Christian Retailing

Ask Lorraine April/May 2016 Print Email
Written by Lorraine Valk   
Thursday, 25 February 2016 09:01 AM America/New_York

LorraineValk 2015Some key questions have come up as I have prepared this edition of “Ask Lorraine.” The following questions apply to just about any Christian retailer. See if you agree and let me know what your retail questions are!

How on Earth do I figure out how to reorder back stock?

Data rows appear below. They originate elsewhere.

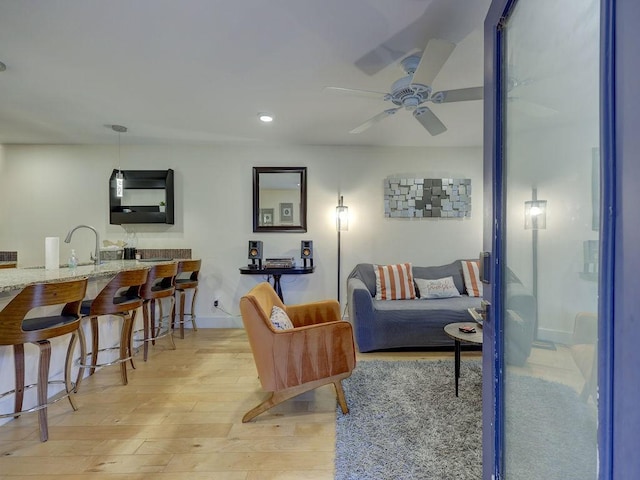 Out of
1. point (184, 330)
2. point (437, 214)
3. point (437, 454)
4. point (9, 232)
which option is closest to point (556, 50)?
point (437, 454)

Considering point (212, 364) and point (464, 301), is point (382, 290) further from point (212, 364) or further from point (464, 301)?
point (212, 364)

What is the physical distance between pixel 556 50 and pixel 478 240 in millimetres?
3562

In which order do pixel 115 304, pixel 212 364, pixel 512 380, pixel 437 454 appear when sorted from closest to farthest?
pixel 512 380 < pixel 437 454 < pixel 115 304 < pixel 212 364

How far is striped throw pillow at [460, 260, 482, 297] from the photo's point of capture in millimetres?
3688

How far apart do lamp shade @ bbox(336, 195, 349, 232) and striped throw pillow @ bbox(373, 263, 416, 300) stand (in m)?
0.68

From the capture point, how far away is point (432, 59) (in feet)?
5.65

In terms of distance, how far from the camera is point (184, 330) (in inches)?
153

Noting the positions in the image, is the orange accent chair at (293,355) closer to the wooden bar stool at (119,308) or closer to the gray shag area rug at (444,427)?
the gray shag area rug at (444,427)

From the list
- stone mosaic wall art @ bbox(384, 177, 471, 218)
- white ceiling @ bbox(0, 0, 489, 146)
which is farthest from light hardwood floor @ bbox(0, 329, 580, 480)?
stone mosaic wall art @ bbox(384, 177, 471, 218)

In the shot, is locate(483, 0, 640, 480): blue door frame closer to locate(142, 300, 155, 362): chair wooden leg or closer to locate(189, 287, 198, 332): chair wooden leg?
locate(142, 300, 155, 362): chair wooden leg

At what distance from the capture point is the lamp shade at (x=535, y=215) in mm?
918

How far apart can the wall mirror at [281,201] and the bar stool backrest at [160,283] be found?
125 centimetres

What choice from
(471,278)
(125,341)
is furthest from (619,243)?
(471,278)

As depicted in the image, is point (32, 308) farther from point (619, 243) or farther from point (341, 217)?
point (341, 217) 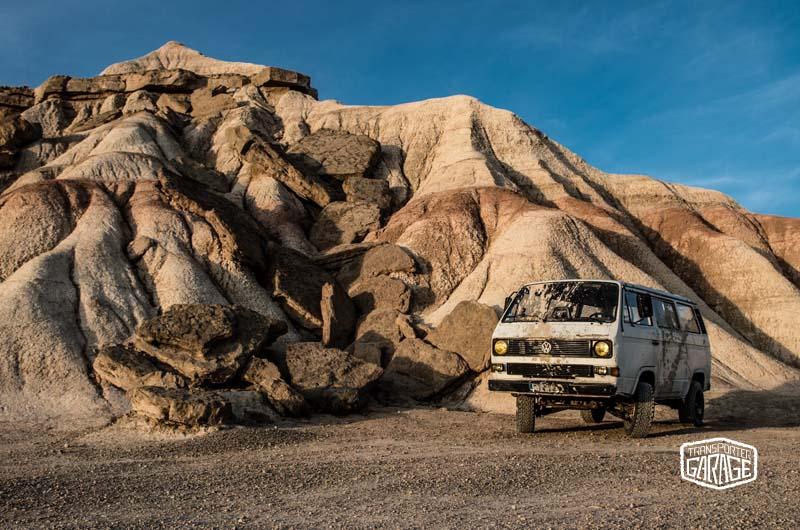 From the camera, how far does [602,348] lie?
10633mm

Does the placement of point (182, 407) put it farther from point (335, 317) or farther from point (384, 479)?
point (335, 317)

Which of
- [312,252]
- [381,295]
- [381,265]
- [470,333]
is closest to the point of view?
[470,333]

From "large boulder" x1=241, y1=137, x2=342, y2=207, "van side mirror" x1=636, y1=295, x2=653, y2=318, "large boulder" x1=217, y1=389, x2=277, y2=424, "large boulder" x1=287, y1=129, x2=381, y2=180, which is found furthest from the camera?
"large boulder" x1=287, y1=129, x2=381, y2=180

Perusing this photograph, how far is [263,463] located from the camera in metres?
9.74

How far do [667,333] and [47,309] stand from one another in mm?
16334

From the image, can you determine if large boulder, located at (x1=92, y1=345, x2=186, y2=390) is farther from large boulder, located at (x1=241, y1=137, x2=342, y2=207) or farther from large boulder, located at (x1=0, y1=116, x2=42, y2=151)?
large boulder, located at (x1=0, y1=116, x2=42, y2=151)

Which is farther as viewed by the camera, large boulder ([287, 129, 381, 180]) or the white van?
large boulder ([287, 129, 381, 180])

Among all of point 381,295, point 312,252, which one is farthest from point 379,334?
point 312,252

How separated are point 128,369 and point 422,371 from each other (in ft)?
24.9

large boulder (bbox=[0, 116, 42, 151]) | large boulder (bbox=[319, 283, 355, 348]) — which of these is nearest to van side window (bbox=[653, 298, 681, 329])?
large boulder (bbox=[319, 283, 355, 348])

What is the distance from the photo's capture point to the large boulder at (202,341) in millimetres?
16156

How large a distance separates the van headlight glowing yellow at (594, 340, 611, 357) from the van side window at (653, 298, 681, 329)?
6.54 feet

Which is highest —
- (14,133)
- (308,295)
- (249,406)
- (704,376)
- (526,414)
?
(14,133)

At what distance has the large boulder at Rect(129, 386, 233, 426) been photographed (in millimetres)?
12734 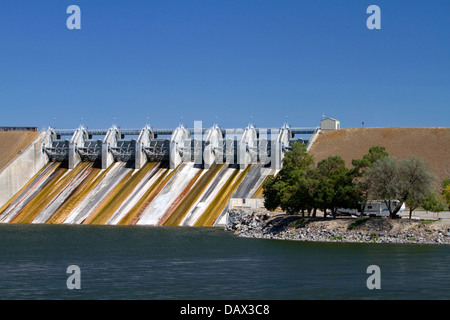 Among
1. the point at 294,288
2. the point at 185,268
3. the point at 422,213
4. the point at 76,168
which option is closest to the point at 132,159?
the point at 76,168

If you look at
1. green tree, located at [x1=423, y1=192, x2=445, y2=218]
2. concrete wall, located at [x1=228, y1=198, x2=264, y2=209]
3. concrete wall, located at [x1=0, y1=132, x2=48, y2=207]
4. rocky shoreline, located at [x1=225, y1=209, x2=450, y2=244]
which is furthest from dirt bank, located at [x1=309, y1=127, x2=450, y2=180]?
concrete wall, located at [x1=0, y1=132, x2=48, y2=207]

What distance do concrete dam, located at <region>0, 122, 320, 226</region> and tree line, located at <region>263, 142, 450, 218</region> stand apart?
1178 cm

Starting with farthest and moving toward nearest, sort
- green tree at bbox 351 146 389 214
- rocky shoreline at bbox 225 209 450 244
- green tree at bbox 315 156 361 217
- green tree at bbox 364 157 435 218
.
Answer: green tree at bbox 315 156 361 217 < green tree at bbox 351 146 389 214 < green tree at bbox 364 157 435 218 < rocky shoreline at bbox 225 209 450 244

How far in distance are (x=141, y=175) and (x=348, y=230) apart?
186ft

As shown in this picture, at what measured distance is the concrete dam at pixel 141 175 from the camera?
97.4m

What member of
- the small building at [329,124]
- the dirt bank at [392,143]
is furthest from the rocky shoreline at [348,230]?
the small building at [329,124]

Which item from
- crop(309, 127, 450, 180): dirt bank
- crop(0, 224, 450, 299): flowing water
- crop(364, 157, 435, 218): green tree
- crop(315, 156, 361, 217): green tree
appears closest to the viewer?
crop(0, 224, 450, 299): flowing water

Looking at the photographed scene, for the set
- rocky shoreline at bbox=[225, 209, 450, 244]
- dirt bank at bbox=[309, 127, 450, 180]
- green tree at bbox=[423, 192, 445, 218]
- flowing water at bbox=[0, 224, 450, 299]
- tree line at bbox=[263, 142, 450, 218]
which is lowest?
flowing water at bbox=[0, 224, 450, 299]

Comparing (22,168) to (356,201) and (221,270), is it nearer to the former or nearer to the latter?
(356,201)

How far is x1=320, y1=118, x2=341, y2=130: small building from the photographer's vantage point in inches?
4518

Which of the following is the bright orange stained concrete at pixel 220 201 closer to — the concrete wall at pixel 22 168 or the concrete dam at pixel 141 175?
the concrete dam at pixel 141 175

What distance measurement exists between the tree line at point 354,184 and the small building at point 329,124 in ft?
122

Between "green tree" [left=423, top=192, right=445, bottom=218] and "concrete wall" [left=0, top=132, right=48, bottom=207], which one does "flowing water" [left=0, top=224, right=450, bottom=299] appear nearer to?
"green tree" [left=423, top=192, right=445, bottom=218]

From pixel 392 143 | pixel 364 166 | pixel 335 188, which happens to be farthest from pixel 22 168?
pixel 364 166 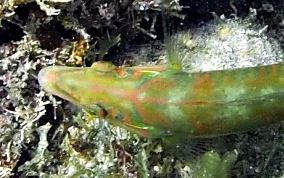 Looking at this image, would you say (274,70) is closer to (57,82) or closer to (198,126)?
(198,126)

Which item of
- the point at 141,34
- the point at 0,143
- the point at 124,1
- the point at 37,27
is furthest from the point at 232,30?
the point at 0,143

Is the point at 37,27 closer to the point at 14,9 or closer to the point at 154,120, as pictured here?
the point at 14,9

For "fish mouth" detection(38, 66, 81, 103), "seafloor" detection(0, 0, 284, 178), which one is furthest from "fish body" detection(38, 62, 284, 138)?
"seafloor" detection(0, 0, 284, 178)

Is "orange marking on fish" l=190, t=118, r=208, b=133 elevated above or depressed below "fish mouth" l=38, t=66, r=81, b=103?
below

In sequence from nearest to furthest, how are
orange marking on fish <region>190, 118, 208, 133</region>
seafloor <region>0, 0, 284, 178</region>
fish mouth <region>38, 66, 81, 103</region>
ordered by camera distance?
fish mouth <region>38, 66, 81, 103</region>
orange marking on fish <region>190, 118, 208, 133</region>
seafloor <region>0, 0, 284, 178</region>

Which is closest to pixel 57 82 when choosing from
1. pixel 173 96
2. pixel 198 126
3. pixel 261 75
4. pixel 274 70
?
pixel 173 96

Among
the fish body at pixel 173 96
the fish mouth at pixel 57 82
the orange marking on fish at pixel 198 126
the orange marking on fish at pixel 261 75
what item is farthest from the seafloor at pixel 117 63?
the orange marking on fish at pixel 261 75

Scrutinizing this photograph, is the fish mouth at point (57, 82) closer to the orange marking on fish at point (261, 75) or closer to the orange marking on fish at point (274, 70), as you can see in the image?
the orange marking on fish at point (261, 75)

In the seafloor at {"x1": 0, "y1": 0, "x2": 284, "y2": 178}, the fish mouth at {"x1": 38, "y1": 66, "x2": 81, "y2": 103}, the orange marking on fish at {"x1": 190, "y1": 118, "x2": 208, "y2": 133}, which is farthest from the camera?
the seafloor at {"x1": 0, "y1": 0, "x2": 284, "y2": 178}

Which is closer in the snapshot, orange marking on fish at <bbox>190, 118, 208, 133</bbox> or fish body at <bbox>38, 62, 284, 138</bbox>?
fish body at <bbox>38, 62, 284, 138</bbox>

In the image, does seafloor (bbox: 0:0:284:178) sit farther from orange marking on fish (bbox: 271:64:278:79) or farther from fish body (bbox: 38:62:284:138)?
orange marking on fish (bbox: 271:64:278:79) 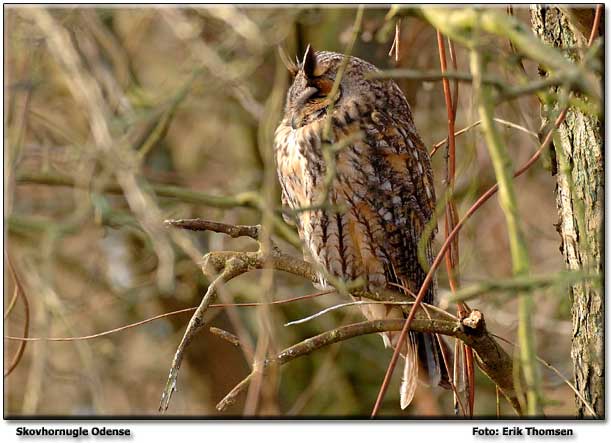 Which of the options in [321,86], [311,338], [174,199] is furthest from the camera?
[174,199]

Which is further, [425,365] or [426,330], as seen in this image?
[425,365]

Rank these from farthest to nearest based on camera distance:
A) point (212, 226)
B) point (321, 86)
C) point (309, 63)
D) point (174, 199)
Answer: point (174, 199)
point (321, 86)
point (309, 63)
point (212, 226)

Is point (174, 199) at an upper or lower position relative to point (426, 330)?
upper

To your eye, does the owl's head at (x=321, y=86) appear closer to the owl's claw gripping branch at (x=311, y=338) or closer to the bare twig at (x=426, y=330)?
the owl's claw gripping branch at (x=311, y=338)

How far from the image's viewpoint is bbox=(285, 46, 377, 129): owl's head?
2791 mm

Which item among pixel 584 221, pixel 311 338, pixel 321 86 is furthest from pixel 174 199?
pixel 584 221

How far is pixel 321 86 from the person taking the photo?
9.32 ft

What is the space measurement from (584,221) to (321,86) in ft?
3.75

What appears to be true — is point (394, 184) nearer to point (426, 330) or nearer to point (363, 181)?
point (363, 181)

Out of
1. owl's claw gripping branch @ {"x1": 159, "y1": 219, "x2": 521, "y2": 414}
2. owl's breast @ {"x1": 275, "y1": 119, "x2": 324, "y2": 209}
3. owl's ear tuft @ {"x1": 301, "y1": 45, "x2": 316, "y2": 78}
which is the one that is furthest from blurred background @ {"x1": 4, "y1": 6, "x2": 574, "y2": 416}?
owl's claw gripping branch @ {"x1": 159, "y1": 219, "x2": 521, "y2": 414}

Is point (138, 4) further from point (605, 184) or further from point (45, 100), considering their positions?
point (605, 184)

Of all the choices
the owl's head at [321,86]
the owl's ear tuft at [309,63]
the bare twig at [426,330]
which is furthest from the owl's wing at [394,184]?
the bare twig at [426,330] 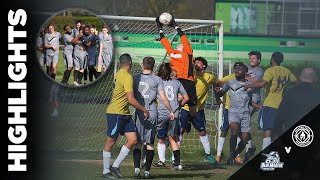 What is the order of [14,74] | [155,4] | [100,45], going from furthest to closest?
[155,4] < [100,45] < [14,74]

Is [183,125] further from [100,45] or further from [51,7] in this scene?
[51,7]

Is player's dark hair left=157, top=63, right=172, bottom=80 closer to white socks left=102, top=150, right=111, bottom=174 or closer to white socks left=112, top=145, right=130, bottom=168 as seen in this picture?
white socks left=112, top=145, right=130, bottom=168

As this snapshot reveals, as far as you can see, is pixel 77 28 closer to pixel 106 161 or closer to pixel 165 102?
pixel 165 102

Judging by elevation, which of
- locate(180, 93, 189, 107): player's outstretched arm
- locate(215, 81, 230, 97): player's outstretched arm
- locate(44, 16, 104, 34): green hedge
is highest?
locate(44, 16, 104, 34): green hedge

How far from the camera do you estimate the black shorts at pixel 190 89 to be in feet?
42.7

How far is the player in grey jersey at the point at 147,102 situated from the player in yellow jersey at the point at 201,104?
0.99 m

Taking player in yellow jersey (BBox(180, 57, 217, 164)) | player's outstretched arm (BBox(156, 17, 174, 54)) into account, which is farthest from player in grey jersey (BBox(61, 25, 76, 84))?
player in yellow jersey (BBox(180, 57, 217, 164))

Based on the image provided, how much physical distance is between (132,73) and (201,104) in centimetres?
105

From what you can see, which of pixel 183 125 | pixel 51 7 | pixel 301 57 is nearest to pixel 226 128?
pixel 183 125

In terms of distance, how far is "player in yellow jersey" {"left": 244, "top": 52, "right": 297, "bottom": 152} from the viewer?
1318 cm

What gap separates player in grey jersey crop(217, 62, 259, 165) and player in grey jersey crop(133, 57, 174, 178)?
3.88 ft

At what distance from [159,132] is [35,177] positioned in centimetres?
201

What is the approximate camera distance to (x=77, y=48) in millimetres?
12320

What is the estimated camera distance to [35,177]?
37.1 feet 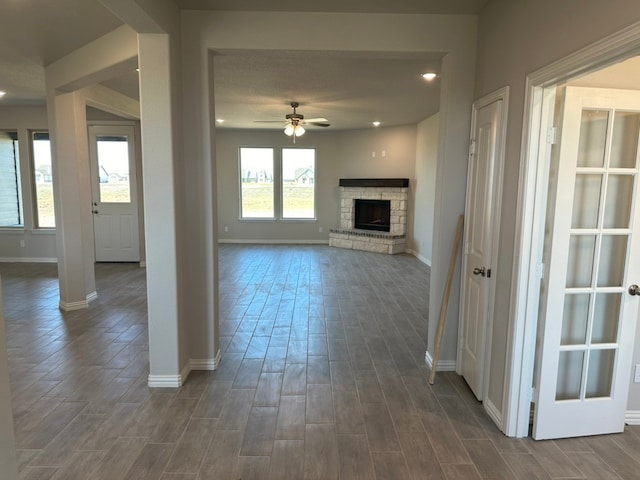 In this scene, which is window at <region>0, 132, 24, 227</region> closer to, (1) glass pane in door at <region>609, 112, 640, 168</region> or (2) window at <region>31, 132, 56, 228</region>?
(2) window at <region>31, 132, 56, 228</region>

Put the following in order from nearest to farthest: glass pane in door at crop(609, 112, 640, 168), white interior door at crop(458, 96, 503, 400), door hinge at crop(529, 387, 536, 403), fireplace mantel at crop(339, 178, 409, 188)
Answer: glass pane in door at crop(609, 112, 640, 168) < door hinge at crop(529, 387, 536, 403) < white interior door at crop(458, 96, 503, 400) < fireplace mantel at crop(339, 178, 409, 188)

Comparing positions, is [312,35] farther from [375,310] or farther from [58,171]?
[58,171]

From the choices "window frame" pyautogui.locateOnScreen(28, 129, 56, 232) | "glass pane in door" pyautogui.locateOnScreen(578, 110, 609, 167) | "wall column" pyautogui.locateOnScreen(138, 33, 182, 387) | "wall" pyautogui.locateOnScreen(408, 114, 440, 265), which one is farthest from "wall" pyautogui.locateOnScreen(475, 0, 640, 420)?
"window frame" pyautogui.locateOnScreen(28, 129, 56, 232)

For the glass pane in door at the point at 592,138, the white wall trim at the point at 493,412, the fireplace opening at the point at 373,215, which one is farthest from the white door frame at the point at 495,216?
the fireplace opening at the point at 373,215

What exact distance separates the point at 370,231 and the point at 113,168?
17.3ft

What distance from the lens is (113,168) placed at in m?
6.99

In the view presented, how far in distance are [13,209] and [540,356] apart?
8331mm

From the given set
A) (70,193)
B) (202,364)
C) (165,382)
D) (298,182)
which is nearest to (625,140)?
(202,364)

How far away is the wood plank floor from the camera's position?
6.89ft

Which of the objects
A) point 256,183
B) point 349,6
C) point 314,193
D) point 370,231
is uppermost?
point 349,6

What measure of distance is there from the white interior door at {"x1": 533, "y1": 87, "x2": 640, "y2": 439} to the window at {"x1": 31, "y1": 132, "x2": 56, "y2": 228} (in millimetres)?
7504

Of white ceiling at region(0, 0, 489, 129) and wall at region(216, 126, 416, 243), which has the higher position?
white ceiling at region(0, 0, 489, 129)

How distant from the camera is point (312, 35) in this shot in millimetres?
2877

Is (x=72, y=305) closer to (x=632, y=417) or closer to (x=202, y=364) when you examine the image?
(x=202, y=364) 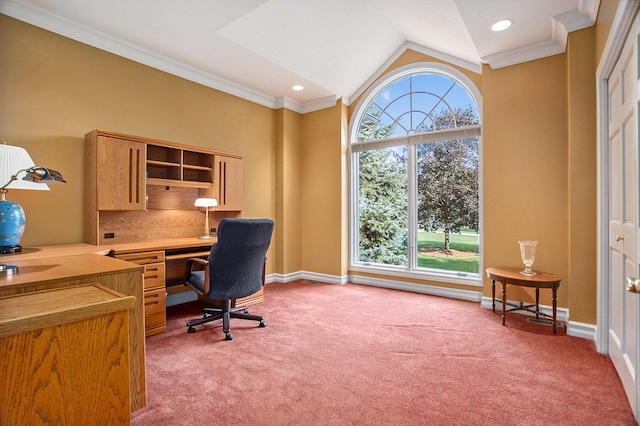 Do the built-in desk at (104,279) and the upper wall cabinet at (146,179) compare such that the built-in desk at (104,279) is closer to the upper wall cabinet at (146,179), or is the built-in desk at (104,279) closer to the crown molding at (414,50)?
the upper wall cabinet at (146,179)

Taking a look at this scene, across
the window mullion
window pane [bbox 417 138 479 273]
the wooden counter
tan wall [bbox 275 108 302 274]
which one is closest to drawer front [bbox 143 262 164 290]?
the wooden counter

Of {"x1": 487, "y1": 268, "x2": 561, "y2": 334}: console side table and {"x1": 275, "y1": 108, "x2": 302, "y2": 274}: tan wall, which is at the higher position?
{"x1": 275, "y1": 108, "x2": 302, "y2": 274}: tan wall

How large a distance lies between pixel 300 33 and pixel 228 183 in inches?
75.8

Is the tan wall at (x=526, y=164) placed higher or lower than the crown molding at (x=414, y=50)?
lower

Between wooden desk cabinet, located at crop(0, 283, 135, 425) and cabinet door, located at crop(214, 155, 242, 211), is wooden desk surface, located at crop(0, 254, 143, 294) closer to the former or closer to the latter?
wooden desk cabinet, located at crop(0, 283, 135, 425)

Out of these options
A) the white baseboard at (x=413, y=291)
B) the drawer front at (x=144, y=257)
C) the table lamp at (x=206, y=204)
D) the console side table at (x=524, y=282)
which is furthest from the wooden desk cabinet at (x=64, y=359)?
the console side table at (x=524, y=282)

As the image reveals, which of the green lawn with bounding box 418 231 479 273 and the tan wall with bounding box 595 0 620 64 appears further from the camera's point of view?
the green lawn with bounding box 418 231 479 273

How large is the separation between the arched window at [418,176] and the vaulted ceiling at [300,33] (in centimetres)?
40

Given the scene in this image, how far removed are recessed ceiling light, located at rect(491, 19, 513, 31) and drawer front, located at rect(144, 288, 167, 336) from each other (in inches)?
152

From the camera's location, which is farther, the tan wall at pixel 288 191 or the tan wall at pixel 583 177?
the tan wall at pixel 288 191

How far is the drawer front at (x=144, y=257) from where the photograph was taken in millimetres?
2861

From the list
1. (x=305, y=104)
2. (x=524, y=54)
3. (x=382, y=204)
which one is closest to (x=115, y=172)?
(x=305, y=104)

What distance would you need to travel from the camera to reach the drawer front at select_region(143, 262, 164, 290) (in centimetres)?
298

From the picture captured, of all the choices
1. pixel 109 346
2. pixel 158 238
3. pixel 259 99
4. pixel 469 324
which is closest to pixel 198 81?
pixel 259 99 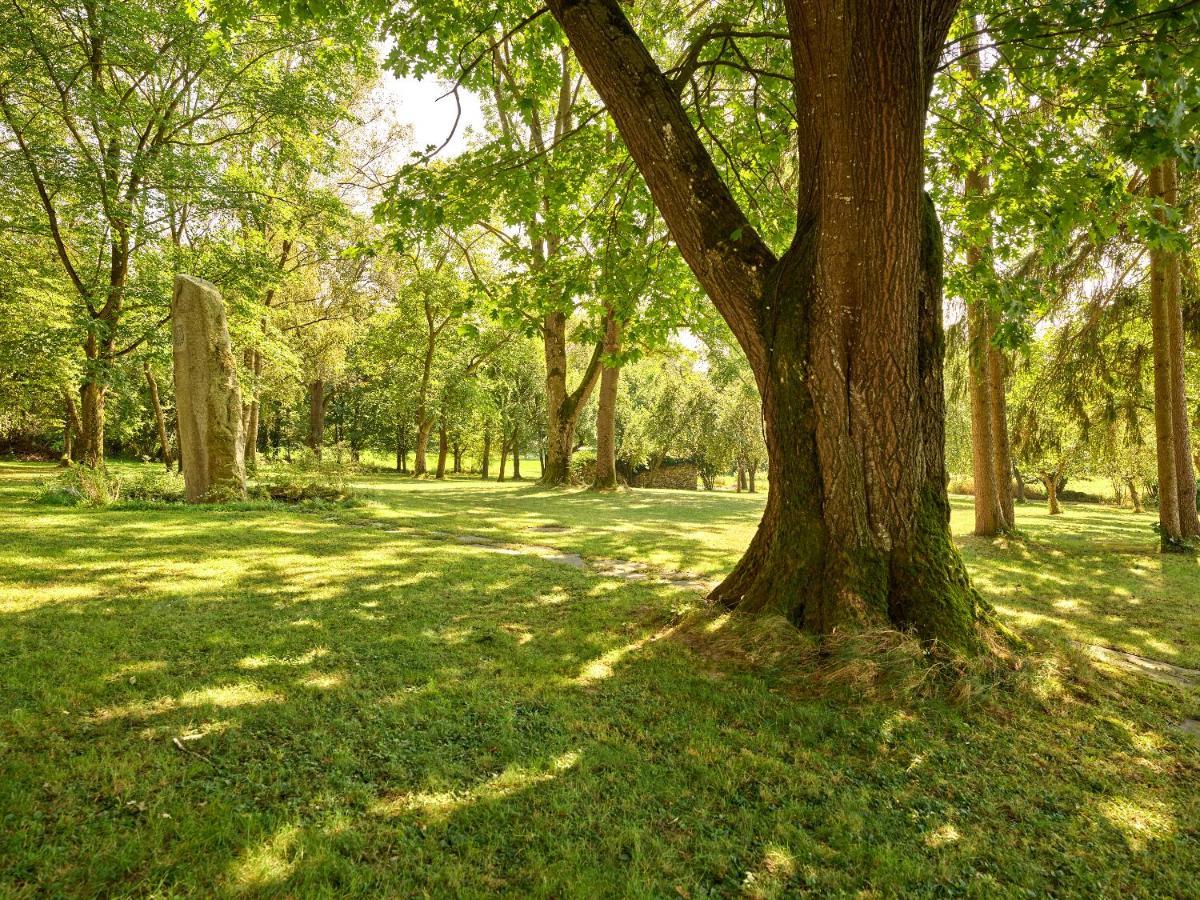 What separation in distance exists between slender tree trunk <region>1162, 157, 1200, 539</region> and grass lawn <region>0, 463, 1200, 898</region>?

Stock replenishment is the hardest and most vital part of your business. It needs your constant attention. Unmonitored, it can sink your ship. I ask myself these questions before reordering backlist books:

  • Did it sell in the last three months? How many sold in the last 12 months? It should be three or more to reorder.
  • Do distributors have the title in decent quantities? If not, perhaps the title is not a good seller.
  • Is it seasonal? Is there enough time to sell the book again before the season ends?
  • Is it a classic I am committed to carrying regularly?
  • Is it a title I should be reducing stock on anyway? Perhaps I don’t need multiple copies or I still have some in stock.
  • If the book is in a series, do I stock the rest of the series, or has it run its course?
  • Is the title in my current promotion or in a forthcoming promotion?
  • Is it a specialty book that fills a niche? Examples are grieving the loss of an infant in stillbirth or dealing with a prodigal child.

It takes a commitment of time, labor and dollars to carry books, so make them earn their shelf space.

Don’t accept the “one to show, one to go” philosophy. Fight for diversity. If you can afford to carry only 1,000 books, will your customer be more satisfied with 500 titles (two of each) or want 1,000 unique titles? If you reorder frequently (almost daily) from a distributor, you will not have many occasions when you are out of stock. Obviously, promoted and best-selling books are carried more deeply than singles.
The benefits of maintaining a tight inventory are:

  • Better cash flow. Keep the inventory dollars moving as quickly as possible.
  • Fewer returns to small vendors, saving labor and postage
  • Fresher inventory and available cash to invest in frontlist titles
  • The best selection for your customers
  • Profit. No kidding! A store with overall turns of 3 or more should be profitable (e.g., annual sales of $500,000, inventory of approximately $100,000 wholesale, 3 times turning inventory during any 12 months, 40 percent margin profit to cover reasonable overhead).

Use your computer as a tool, but don’t trust it to manage your inventory levels. It cannot distinguish between true best-sellers and quick trends.

What are the advantages of being part of a marketing group?

Making good use of other people’s talents is good business. Put key people in positions that match their natural bent and they will flourish, helping your store succeed. That said, it’s important to know your limitations. I personally don’t know anyone in this industry wearing only one hat. Marketing is difficult, and promoting a professional image to discriminating buyers is a real challenge. If marketing isn’t your strength, using a marketing group is vital, and even if it is your strength, marketing groups might serve your business well.

Marketing groups can offer better pricing because of the quantity of promotions and services they provide. They complement our businesses and have strong skills that make us look professional and current. They watch trends and the market in ways we cannot. Ultimately, marketing groups save us time and money because they are so good at what they do. If I were responsible for planning all my promotions, I wouldn’t drive traffic to my store as steadily as my marketing group is able to do. My marketing group also statistically analyzes which customers are most likely to respond to my marketing, and I would never have enough time to track that.

I’ve come to the realization that I cannot “do it all.” It was an easy decision for me to defer to the experts in my marketing group, allowing me to utilize my time on other pressing issues.

Is curb appeal important?

Absolutely! I would go so far as to say to scrape together $200 and do something to the front of your store today. First impressions matter. Buy a new shovel to keep the snow at bay (yes, I’m in Michigan), or Southerners, buy a new broom. Wash the windows and doors every day. Spruce up the paint and the trim; purchase a new rug; replace burned-out light bulbs; and get a new garbage can. Take down the curling and faded posters. Pretend Christian Retailing is coming for a visit today to take pictures for the magazine—and make your store photo-ready. You don’t get a second chance to make a first impression!